Quel moment pour une femme que la minute où, cet aveu sur les lèvres,
elle regarde le visage de son mari ou de son amant!... Celle-ci ne put
point douter du bonheur qu'elle causait. Nulle ombre, même passagère,
ne glissa sur les traits ou sur le cœur de Roger. Une seconde,
l'émotion le suffoqua; mais cette émotion, visiblement, était d'intense
joie. Puis il respira très fort, avec un court tremblement de tout son
être, saisit les deux mains de Simone, y colla ses lèvres, murmura:
 
Je suis heureux!... Je suis heureux!... Je suis heureux!...
 
Mon ami! dit-elle seulementmais avec une __EXPRESSION__ de tendresse
extraordinaire,mon ami!...
 
Comme il inclinait la tête en lui baisant encore les mains, elle prit
cette tête, elle l'appuya contre la douceur de sa gorge, sur les
dentelles de sa chemise, et, la touchant de son front, elle y laissa
tomber deux larmes, les deux plus atroces larmes de regret, de honte et
de doute, qui jamais aient mouillé des yeux d'épouse.
 
Oh! pourquoi pleures-tu? demanda Roger.
 
C'est parce que tu es si bon, et parce que je t'aime tant! dit-elle.
 
Mais, reprit-il, tu es contente? Dis, ma chérie, tu n'as pas peur?
 
Peur?...
 
Elle se mit à rire, avec un rire voulu, en secouant la tête, comme pour
écarter quelque arrière-pensée qui l'obsédait.
 
Rappelle-toi, reprit-elle, comme tout s'est bien passé pour Paulette.
 
Paulette!... Ah! mon Dieu! s'écria-t-il, je l'oubliais! Pauvre petit
loup, elle est en pénitence. Oui... tu ne sais pas... la gamine! elle
était montée sur le poney.
 
Et Mervil courut hors de la chambre, sautant presque, avec une
vivacité d'écolier.
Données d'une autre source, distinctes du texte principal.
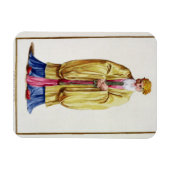 Confucius (551-479 BC), uit de Receuil des Estampe Magneet (Horizontaal)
Deux minutes après, il rapportait sa fille, dont
la longue chemise de nuit pendait entre les bras du père, et qui riait
maintenant, les yeux mal séchés, sa petite poitrine encore secouée par
son récent désespoir.
 
Alors, dis, petite mère, c'est bien vrai que tu n'es pas malade, que
tu ne vas pas mourir?
 
Tous les trois s'embrassaient, roulés et enlacés sur le grand lit; le
père et la mère se faisant, par-dessus la tête de l'enfant, des signes
d'intelligence.
 
Papa, je te promets de ne plus monter sur le poney.
 
Si... tu y monteras, mais avec moi... Et je te commanderai une petite
selle.
 
Oh! papa!... Oh! papa!...
 
Elle battait des mains, gambadait sur le lit, toute mince et comique
dans la blancheur de sa longue chemise, avec l'envolement autour d'elle
de ses grands cheveux de soie brune.
 
Prends garde, tu vas faire mal à maman.
 
Dis-moi, Lélette, interrogea Simone, serais-tu contente si le bon Dieu
t'envoyait un petit frère... ou bien une petite sœur?
 
Paulette s'arrêta, un peu interloquée par la question. Elle n'avait pas
songé à cela, jamais. L'idée ne parut pas lui sourire.